It was called the war between the sexes, years ago. But some of that hyperbole might have been media-driven — these days I’d call it more like friendly skirmishing. And it’s all the better when each side can take a joke.
I have a friend I’ve known for years, I’ll call B. We get together once a blue moon for lunch. Even though our desk jobs aren’t close, we can each hike halfway to grab a bite and yak about sports, politics, whatever.
In the last year or so, when we get home and mention whom we lunched with, each of our wives will ask about the other. B’s wife, M, will ask how Mrs. Ombud is, and vice versa. More than half the time, we each say, “I don’t know, we didn’t talk about her.”
This is met with some matrimonial exasperation.
Which has in turn alchemized into some good-natured humor. I’ve pointed out to Mrs. Ombud that M must be fine, because B would tell me if she weren’t, right? And for the last half year, as soon as B comes in the door of the restaurant, he makes a point of saying “How’s Mrs. Ombud? There, now I can tell M that I asked.” And we laugh.
Recently, four of us got together for lunch at Little Joe’s, an SF place that has been around for years and is now across from the SF Chronicle building. Both B and M came, and also J — her husband went to college wth B, and we’ve known him and J for years, too.
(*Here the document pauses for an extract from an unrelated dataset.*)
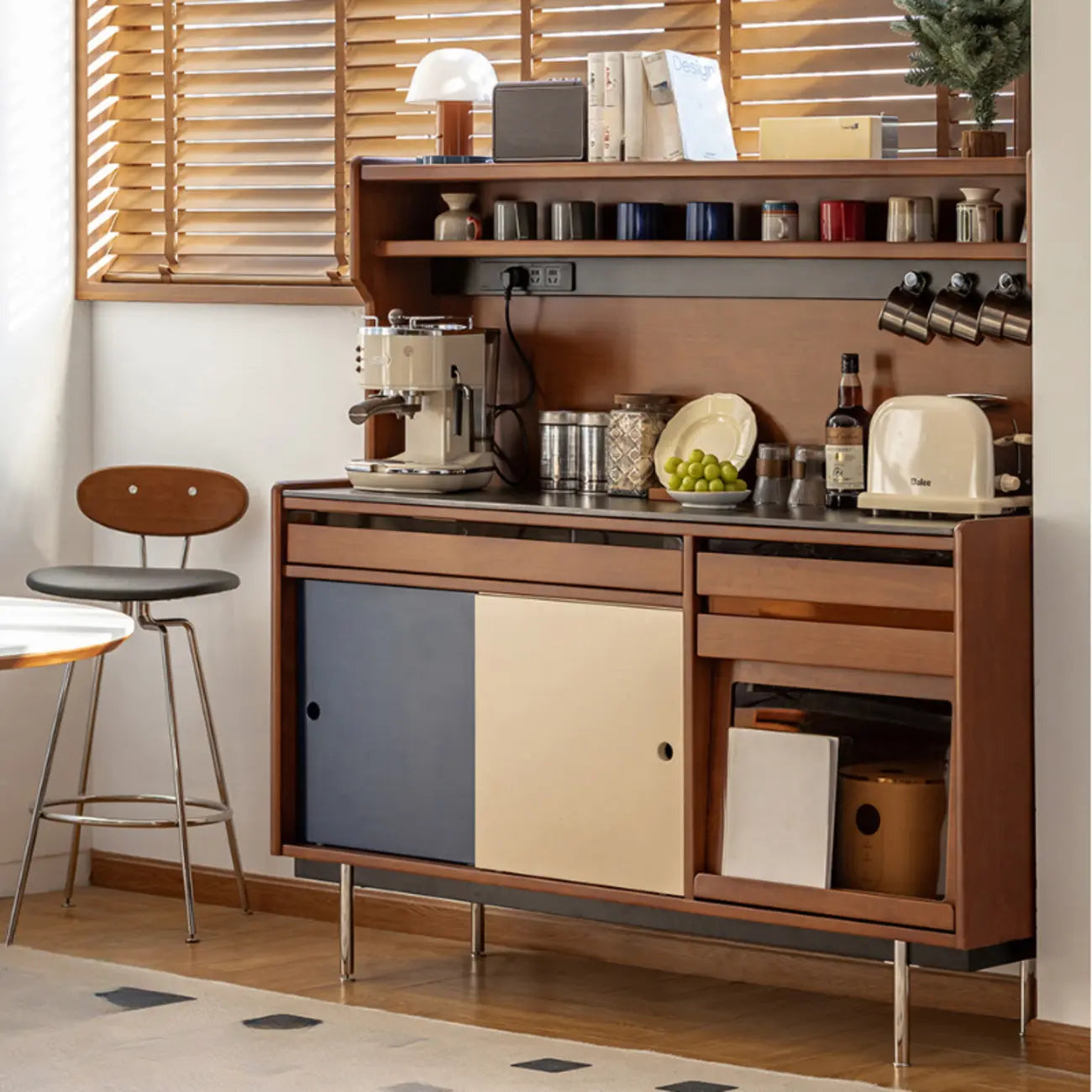 Buffet moderne en bois avec placards de rangement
We first knew Little Joe’s in North Beach, on Columbus Ave, and later when it moved to Broadway. The kind of place that always had bowls of garlic on the tables, with a sign saying “Italian breath mints.” Lots of good seafood and pasta and one of my favorite dishes — saltimbocca, which is Italian for something so good it “jumps” (salt) in your “mouth” (bocca). As I don’t like what is done to the little calves, I avoid veal and get the chicken saltimbocca.
So the four of us had a great lunch together. J told us about their recent trip to New Orleans, we made plans for later in the summer, talked about how wretched the Giants season is so far, etc. And about halfway through I realized that neither J nor M had asked about Mrs. Ombud. I smiled to myself, realizing what a chance I had. I admit, a couple times the conversation could have steered close, but I tried to keep it away.
When the check came, I ponied up my share of the bill and said I had to be getting back to the office. And then I took some pleasure in looking at B and saying, “well this was perfect. A good meal, good company, and all lunch long, nobody asked ‘how’s Mrs. Ombud?’” then turning to grin at M, I got up. B busted up laughing.
I could see it register on M’s face in three ways. First, her eyes got wide as she realized that she had forgotten to ask. Then, a little wider as she realized that she had forgotten to ask something she’d expected of B in the past, so this was going to double back on her. And finally, the realization that she had now lost the moral high ground on this one — that this might be grist for future milling and her window of opportunity was closing as I stepped away from the table.
As I headed for the door she blurted out, “How’s Mrs. Ombud?!!!” but it was too late. By the time I got to the door, she was laughing, too — to her credit.
And I laughed all the way down Fifth street, and as I turned on to Market.
Okay, it was a bit wicked of me. But only a little bit, don’t you think?